Computerized auction systems have become increasingly popular tools for organizations and individuals to exchange products and services. The growth in the popularity of computerized auction systems can be attributed to the fact that a large number of auction participants, namely offerors and bidders, can gain access to vast global markets via networks. The numerous auction systems operating on these networks offer bidders a convenient way to search, view and acquire a seemingly endless range of products and services.

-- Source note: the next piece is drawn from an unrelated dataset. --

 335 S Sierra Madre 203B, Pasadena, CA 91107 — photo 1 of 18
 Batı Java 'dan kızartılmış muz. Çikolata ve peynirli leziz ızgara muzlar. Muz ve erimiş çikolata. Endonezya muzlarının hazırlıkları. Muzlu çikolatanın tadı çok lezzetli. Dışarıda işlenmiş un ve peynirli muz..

The majority of network-based auction systems utilizes a “standard” or rising price auction model. In a standard auction system a single lot composed of one or more products or services is offered to potential bidders until the expiry of the auction period. The auction period may be pre-determined or terminated at the discretion of the offeror. During the auction period, potential bidders may opt to place one or more bids for the products or services. Each successive bid is displayed by the auction system to inform all of the bidders of the current high bid price. Upon the termination of the auction, the product or service being auctioned is sold to the bidder having the highest bid price or, alternatively, not sold if the reserve price has not been met.
Although commonly used, standard auction systems are impractical in many situations, such as when an offeror wishes to sell a large number of lots of products or services or when the products or services are perishable. Since most computerized standard auctions last for several days or even weeks, it may take an offeror months to sell off a large number lots of products or services. During this time period, perishable products or services may have spoiled or the demand may have waned.
Auction systems using the standard model are also inefficient from the perspective of a bidder. In order to successfully bid on a lot, a bidder must monitor the progression of competing bids over the full duration of the auction.
These concerns are addressed to some extent by a “reverse” or declining price auction model. In a declining price auction model, a lot or lots of similar products or services are offered at a high starting price. The price is decreased uniformly at regular intervals until a bid is placed whereby the lot is sold to the bidder. The successful bidder then has the option of purchasing one or more of the offered lots.
Auction systems using the declining price auction model are more commonly used by sophisticated offerors and bidders. While some applications of the declining price auction model over a network have successfully implemented uniform declining pricing, these applications fail to react to market conditions when setting the prices and values for a lot or lots of products and services, such as, for example, the starting price, possible reserve price and decline rate. When market demand for lots of products or services fluctuates, existing declining price auction systems do not adjust the prices and values for the current lot and/or subsequent lots to reflect changes in the market conditions. Under certain market conditions, such as in the presence of very high demand for a lot or lots of products or services, the true market value for the lot or lots may not be realized.
Additionally, auction systems using a declining price auction model are difficult to implement on diverse technologies because of the utilization of varied terminals, communication modes and operating systems. As a result, declining price auction systems over networks have rarely been used and often unsuccessfully.
Furthermore, dynamic pricing has been solely used in a declining price auction model. However, dynamic pricing could also be used in a rising price auction model. In a dynamic rising price auction, the offeror offers to purchase a lot or lots of products or services at a dynamically rising price. The price of the lots increases until a bidder is willing to sell or buy a lot or lots of products or services at the current price. Dynamic pricing may also be used in an auction that combines a declining price auction and a rising price auction or a rising price auction and a declining price auction.
Accordingly, the present invention provides a system and method for conducting one auction or more than one concurrent auctions of one or more lots of products or services. The present invention further provides a system and method for auctioning one or more lots of products or services using dynamic prices and values.